YOUR ASSIGNMENT:
Repeat the records below exactly from the line containing "photos & images" to the line containing "Christina Ryan official", taking in both of those lines. Drop the pictures.

INPUT FOR THIS TASK:
------------------------------

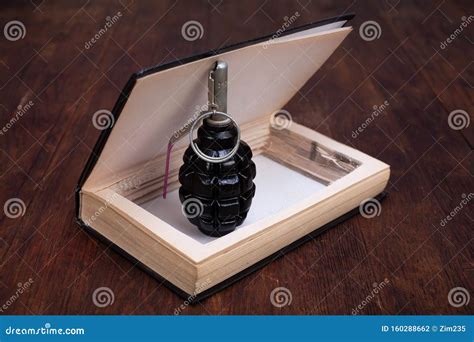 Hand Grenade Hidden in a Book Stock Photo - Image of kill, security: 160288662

------------------------------

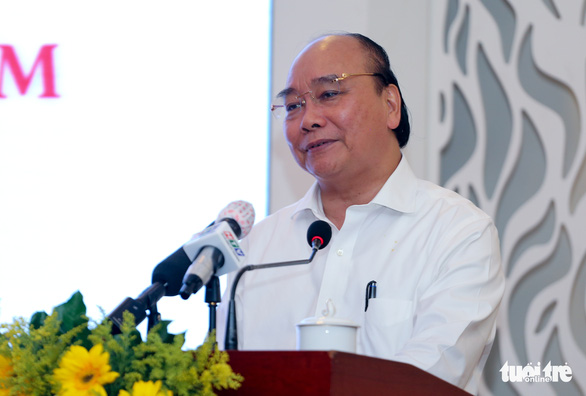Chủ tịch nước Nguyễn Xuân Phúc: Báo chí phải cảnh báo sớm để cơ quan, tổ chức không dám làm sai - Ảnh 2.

------------------------------

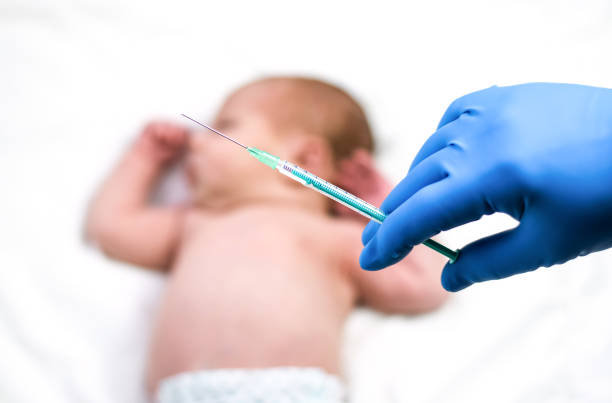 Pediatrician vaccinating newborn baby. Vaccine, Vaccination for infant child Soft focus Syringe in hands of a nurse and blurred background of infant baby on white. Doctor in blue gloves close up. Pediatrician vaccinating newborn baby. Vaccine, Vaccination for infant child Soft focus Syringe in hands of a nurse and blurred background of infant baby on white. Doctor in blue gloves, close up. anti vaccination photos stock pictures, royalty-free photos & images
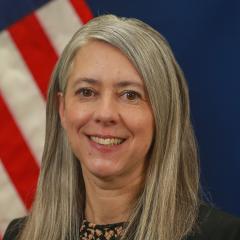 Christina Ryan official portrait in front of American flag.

------------------------------

SOLUTION:
 Pediatrician vaccinating newborn baby. Vaccine, Vaccination for infant child Soft focus Syringe in hands of a nurse and blurred background of infant baby on white. Doctor in blue gloves close up. Pediatrician vaccinating newborn baby. Vaccine, Vaccination for infant child Soft focus Syringe in hands of a nurse and blurred background of infant baby on white. Doctor in blue gloves, close up. anti vaccination photos stock pictures, royalty-free photos & images
 Christina Ryan official portrait in front of American flag.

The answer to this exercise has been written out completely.